Leasing out land on a long-term basis has become an attractive option for farmers not only due to the income tax incentives, but also due to the lack of a successor or low profitability on some farms.
According to Teagasc, it is vital for land lessors (owners) and land lessees (the person leasing the land) to consult their legal and tax advisers before signing any lease agreement, which is a contractual document when signed by both parties.
Why lease out the land?
Long-term leasing of land provides an alternative for farmers wishing to fully retire or take a step back. The income tax benefits can be considerable.
What are the main requirements of a Lease?
Any lease should always be in a written format. The lease agreement should suit both the lessor and the lessee, with both parties availing of professional and financial advice before signing.
Land owners who enter into a lease agreement greater than five years with an unconnected person (a connected person is defined as immediate family members) will be able to claim varying levels of tax relief dependant on the actual term. Leases should always be stamped by Revenue (leases greater than six years are stamped at no cost).
The lease must also be registered with the Property Services Regulatory Authority (PSRA). This is the responsibility of the lessee.
Benefits of a formal lease
Issues which may arise if no formal lease is in place
Income tax and long-term leases – requirements
One of the key requirements to avail of income tax incentives with leasing is that the farmland must be mainly occupied for the purpose of farming. The buildings contained are treated as part of the land and dwellings are excluded. The lease must be greater than five years.

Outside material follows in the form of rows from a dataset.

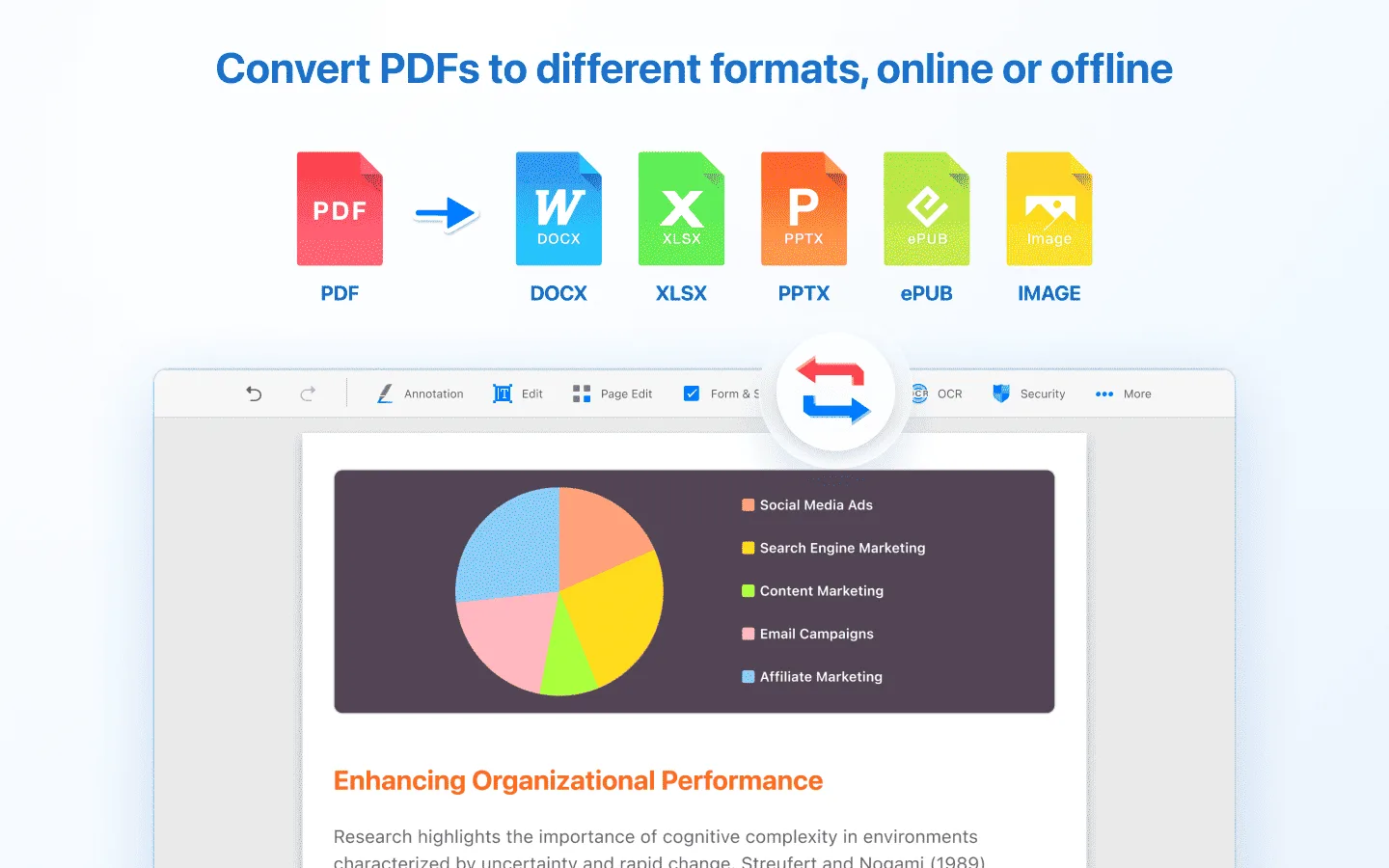 KDAN PDF Reader — Screenshots 4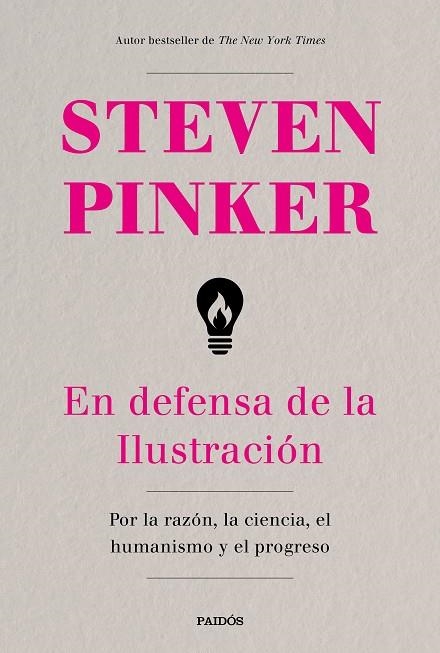 EN DEFENSA DE LA ILUSTRACIÓN | 9788449334627 | PINKER,STEVEN | Llibreria Geli - Llibreria Online de Girona - Comprar llibres en català i castellà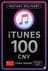 iTunes Gift Card 100 CNY CN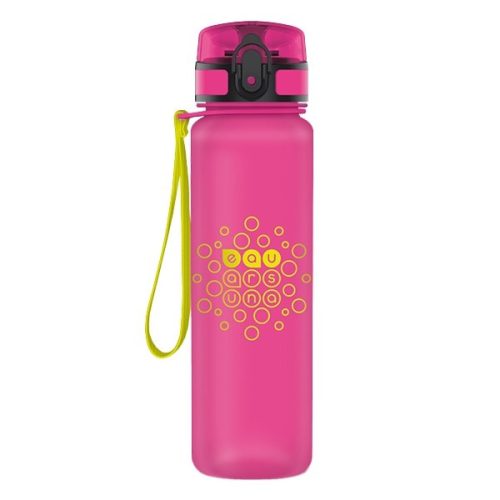 Kulacs ARS UNA műanyag matt BPA-mentes 600 ml pink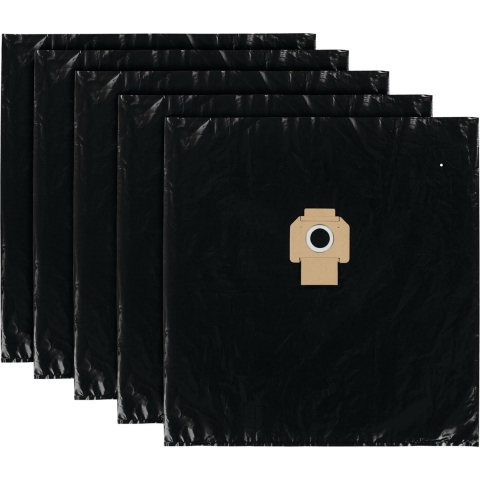 DeWalt Accessoires DWV9400 | Plastic opvangzak | DWV902M/L | 5 stuks - DWV9400-XJ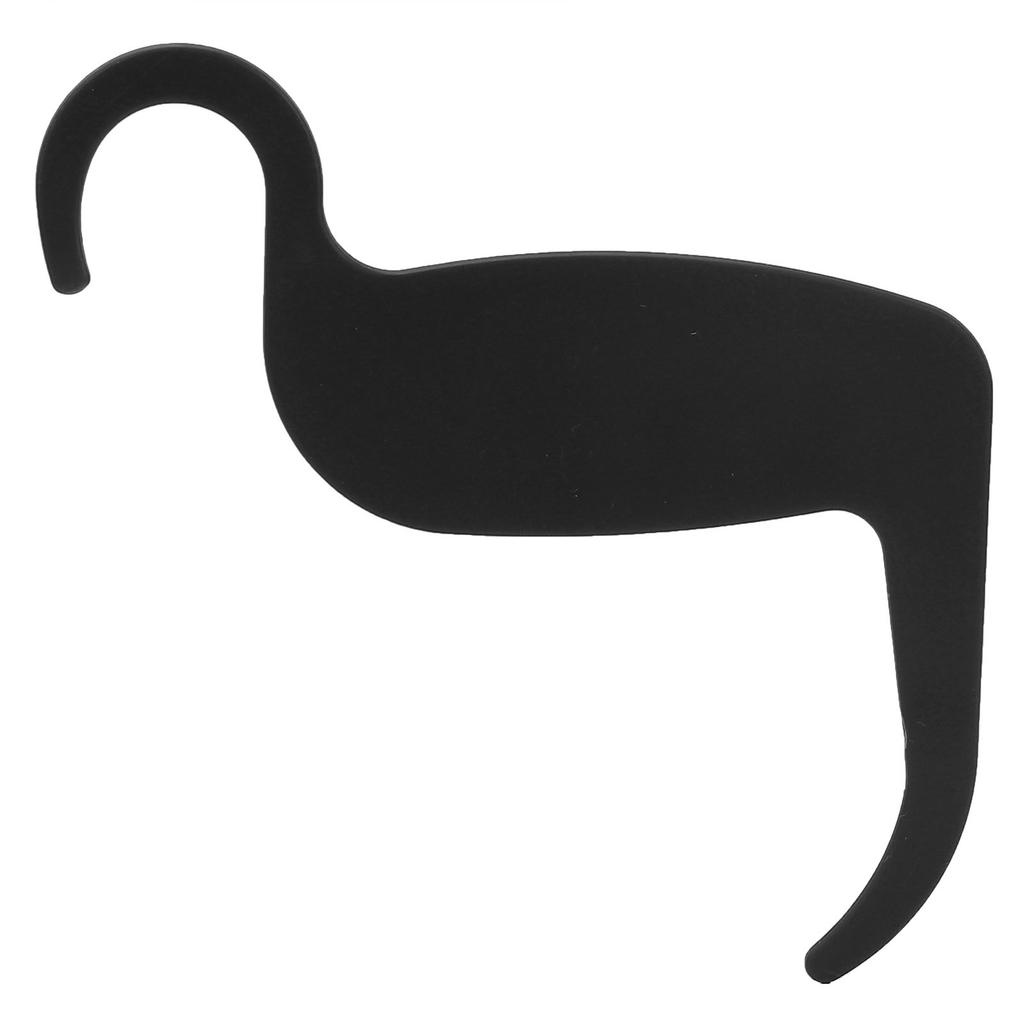 Face MakeUp Stencils Nose Eyebrow Cheekbone   Stencils for Various Face Shapes(Red )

The landowner (lessor) must be an individual (not a company) but does not have to be an active farmer. There is no upper age limit and the lessor does not have to resident in Ireland.
The lessee may be an individual or a company, and must farm the leased land on a commercial basis (to make a profit). The lessee cannot be a “connected person” to the lessor, to avail of the tax reliefs. A connected person is defined as immediate family members. A niece or nephew are eligible lessees in these cases.

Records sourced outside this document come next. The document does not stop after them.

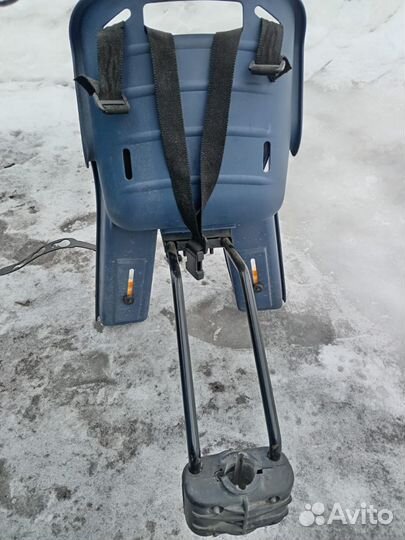 Велокресло переднее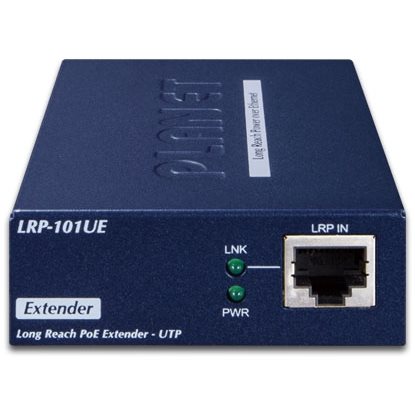 Kit dport ethernet PoE over Ethernet jusqu' 500m LRP-101U-KIT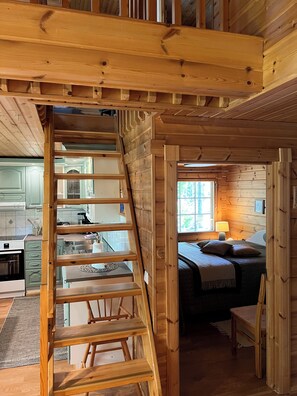 Apartment, 3 Bedrooms, Sauna (Kreivi) | Living area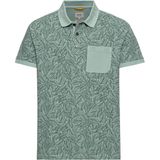 Camel Active poloshirt korte mouw groen
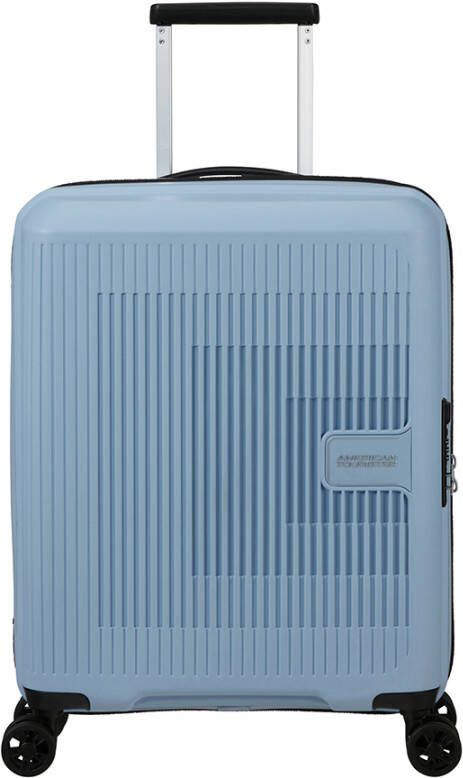 American Tourister Aerostep Spinner 55 Exp soho grey Harde Koffer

Landowners who enter into a lease with an unconnected person for greater than five years can avail of varying levels of tax relief depending on the actual term (see table below).
Dear Money Mentor,
I am considering leasing land from my uncle (70) who is unmarried. I know he intends to give me this land in his will. If I lease it from him now will it affect my chances of being designated as a “favourite nephew” with regard to Agricultural relief at a later stage? Regards, Joe
You and your uncle need to avail of professional tax advice before you decide to put in place a lease agreement these lands. In my view, yes this may affect you qualifying as a “favourite nephew”, due to the requirements to qualify for agricultural relief. Therefore be sure to get the professional advice in advance’.
Dear Money Mentor,
I am a 69-year-old beef farmer. I have a 10-year lease in place with a neighbour, now in year nine. I am wondering if I extend the lease by a further four years will it affect my tax relief.
Co Sligo farmer.
Any lease is for a definite period so your current lease will expire at the end of year 10. At that point you will need to put a new lease in place for a further four years, if you wish. You will not be eligible for the income tax exemption if you have a lease less than five years. I suggest you put a new lease in place for five years plus, and you can continue to receive the tax free income.